• _PROVIDED ENTRIES_:
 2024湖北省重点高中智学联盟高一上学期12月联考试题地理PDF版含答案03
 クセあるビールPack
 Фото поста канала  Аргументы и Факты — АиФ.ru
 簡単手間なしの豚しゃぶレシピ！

...

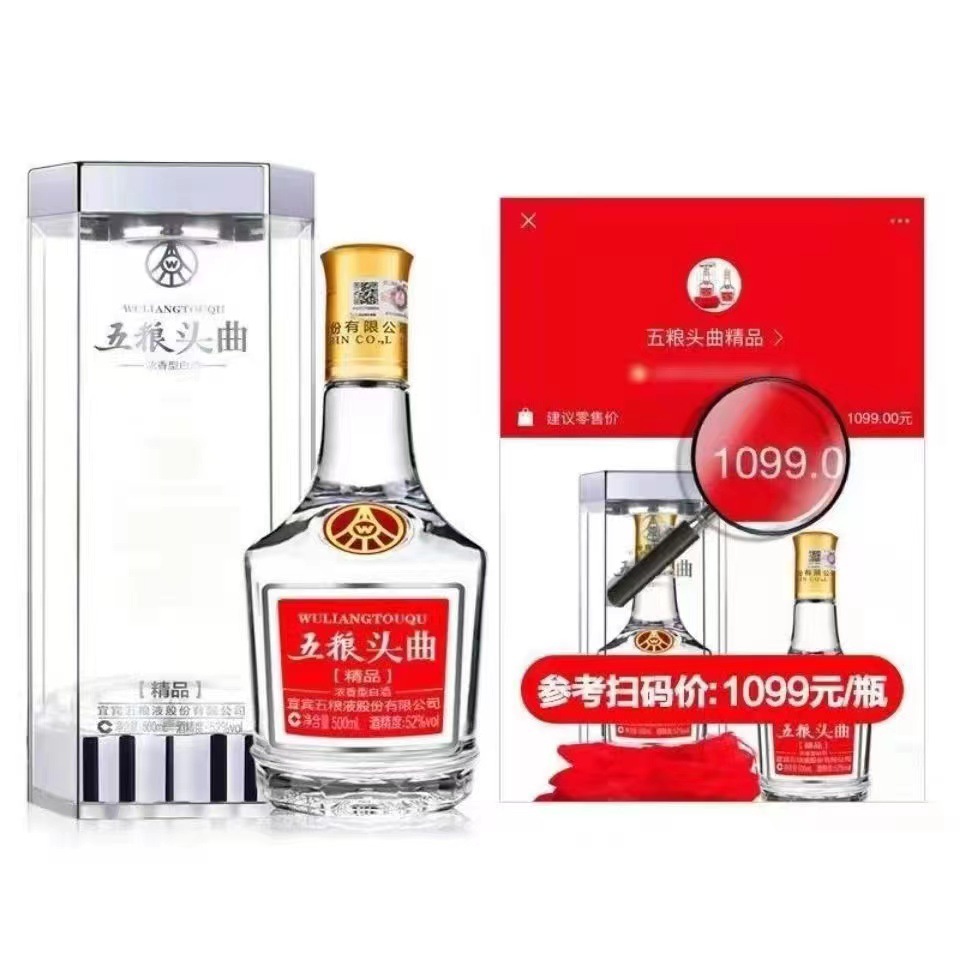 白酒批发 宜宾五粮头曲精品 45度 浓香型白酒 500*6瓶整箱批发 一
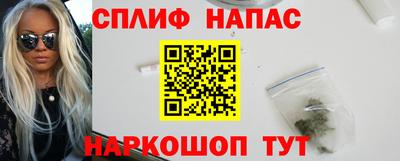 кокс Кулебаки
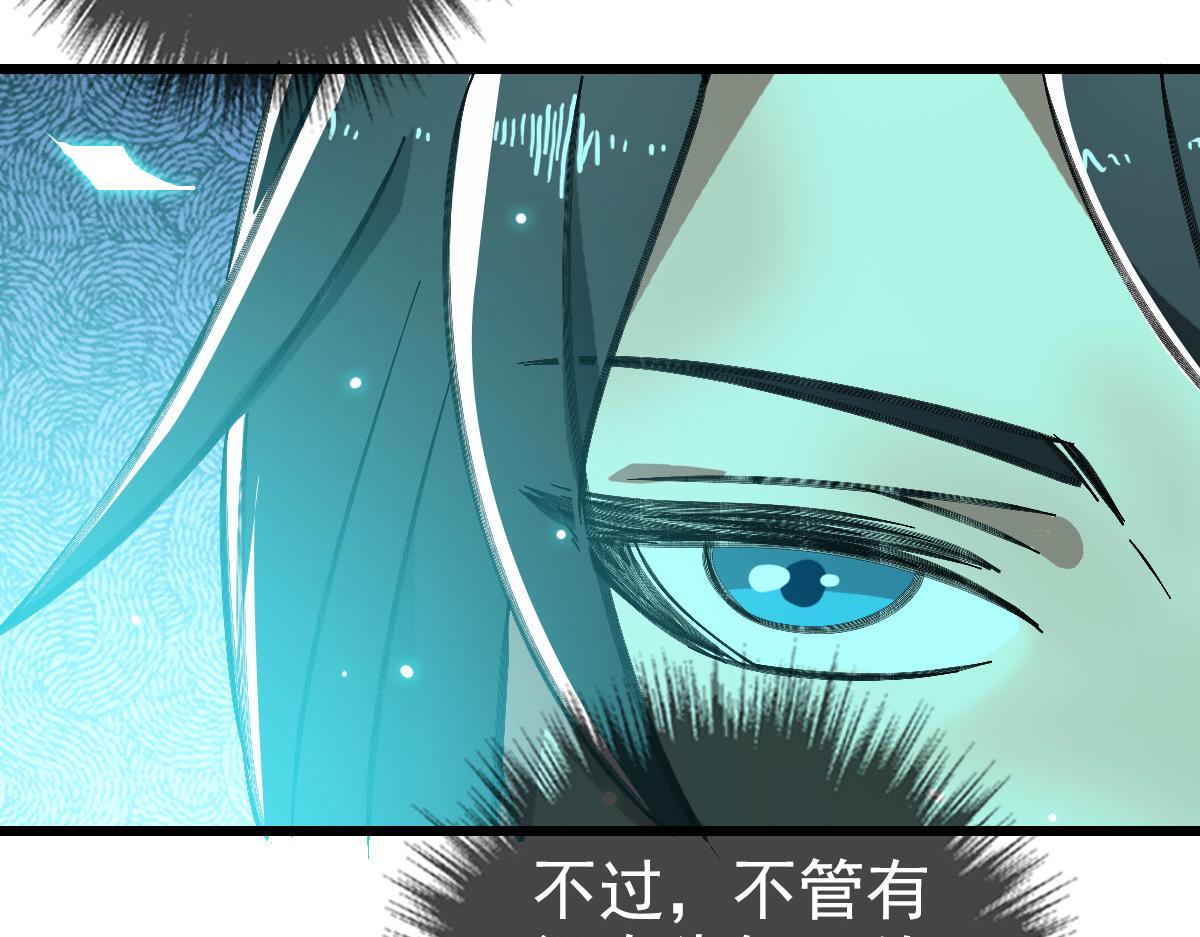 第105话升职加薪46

* * *

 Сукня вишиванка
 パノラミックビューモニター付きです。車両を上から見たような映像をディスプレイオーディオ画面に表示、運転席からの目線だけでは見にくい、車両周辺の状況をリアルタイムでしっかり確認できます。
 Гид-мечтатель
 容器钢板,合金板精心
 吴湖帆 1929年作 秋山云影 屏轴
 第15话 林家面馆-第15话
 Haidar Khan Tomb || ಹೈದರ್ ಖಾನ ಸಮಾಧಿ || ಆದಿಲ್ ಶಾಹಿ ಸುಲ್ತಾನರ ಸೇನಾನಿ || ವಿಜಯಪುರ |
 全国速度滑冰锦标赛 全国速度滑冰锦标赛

• _PROBLEM DESCRIPTION_: Starting at the line that has "2024湖北省重点高中智学联盟高一上学期12月联考试题地理PDF版含答案03" in the records above, restate word for word every line until the one that has "簡単手間なしの豚しゃぶレシピ！", and include that one as well.

• _TASK ANSWER_:
 2024湖北省重点高中智学联盟高一上学期12月联考试题地理PDF版含答案03
 クセあるビールPack
 Фото поста канала  Аргументы и Факты — АиФ.ru
 簡単手間なしの豚しゃぶレシピ！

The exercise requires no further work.